店舗や展示会場の混雑状況をカメラから自動判定:西菱電機の混雑度判定・情報共有ソリューション

課題
店舗や展示会場などでは利用者の出入りに波があり、混雑時にはお店や会場内にいるスタッフだけでは対応しきれない場合があります。現在は、利用者の行列ができ始めたタイミングでスタッフがベルや放送を鳴らして応援を呼ぶことが多いですが、応援を呼ぶために業務を一時中断することになり、あまり効率的とはいえません。
利用者の混雑を多くの地点でその都度計測できれば、自動的にスタッフを呼んだり、混雑を平均化するために人の流れを誘導するなどの案内も可能となります。利用者の数の自動カウントとその情報の共有方法は、スタッフの効率的運用の目的のためにも重要な課題です。
解決方法
2019年8月22日より西菱電機株式会社が「混雑度判定AIソリューション」の提供を開始しました。「混雑度判定AIソリューション」はカメラで撮影した映像をAIによる機械学習を用いて解析するシステムです。店舗内や会場内を撮影した映像から人や車両などを自動的に検知して混雑具合を判定します。
基本構成は、人や車両を撮影するためのカメラ、通信を中継するためのゲートウェイ、そして自動判定した結果を保存するクラウド、ユーザーが判定結果を閲覧するダッシュボードの4つです。撮影するための判定結果はインターネットを介してIoTプラットフォームに送信され、ユーザーはブラウザでの閲覧やExcelでも利用できるCSV形式でのダウンロードが行えます。
「混雑度判定AIソリューション」は例えば以下のシーンで利用できます。
- 店舗内において利用者の混み具合を自動判定して、混雑時はバックヤードスタッフに応援を要請する。
- 店舗内の混雑状況を判定し、店舗外に設置したデジタル看板で利用者にお知らせする。
- 美術館・水族館などの施設の混雑状況を判定し、空いているエリアへ利用者を案内する。
どうなったか
「混雑度判定AIソリューション」の活用は店舗や会場のスタッフ側にも利用者側にもメリットの大きいサービスです。
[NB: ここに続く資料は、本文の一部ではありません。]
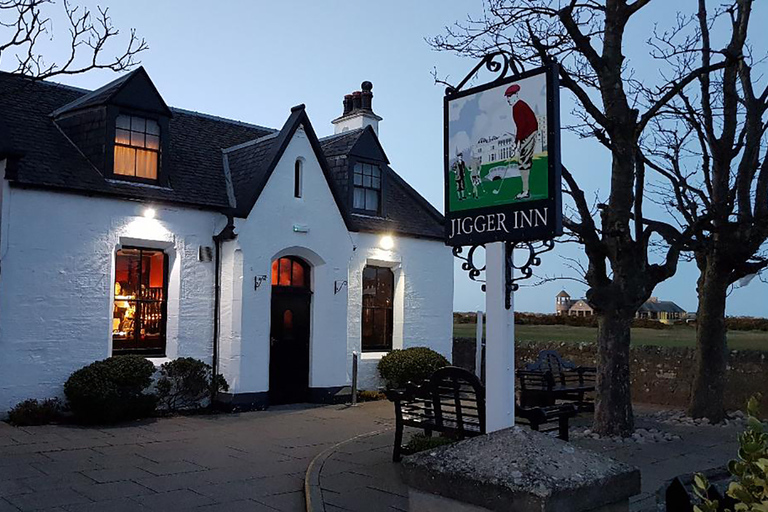 St Andrews: Golf Origins and Old Course History Tour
例えば、お店や会場の利用者が増えて業務が忙しくなったら自分で応援を頼まなくても、システムにより混雑状況を知ったスタッフがバックヤードから来てくれます。また、利用者もお店や会場の混雑状況を確認して、人の少ない時間に来場したり人が集中していないエリアを周ったりできます。
まとめ
「混雑度判定AIソリューション」は今後、利用する目的や場所に合わせた画像判定範囲の調整を行えるようになります。また、人や車両以外も自動判定の対象にできるようになり、利用者がデジタル看板やスマホから混雑状況を確認できるようにもなります。
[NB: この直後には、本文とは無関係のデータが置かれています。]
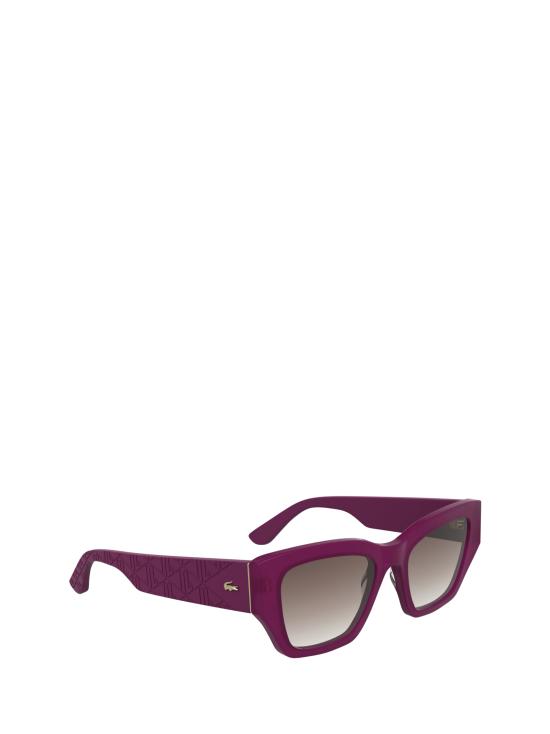 26FW 라코스테 선글라스 L6053S 526 OPALINE CYCLAMEN - LACOSTE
西菱電機は、すでに運用開始している同社のIoTサービスとも連携し、より高精度のシステムを構成する予定としています。例えば、「道の駅情報提供システム」では監視カメラによる道路映像や地域の映像を提供していますが、監視カメラの映像を解析することにより道の駅の混雑状況を把握できるようになるでしょう。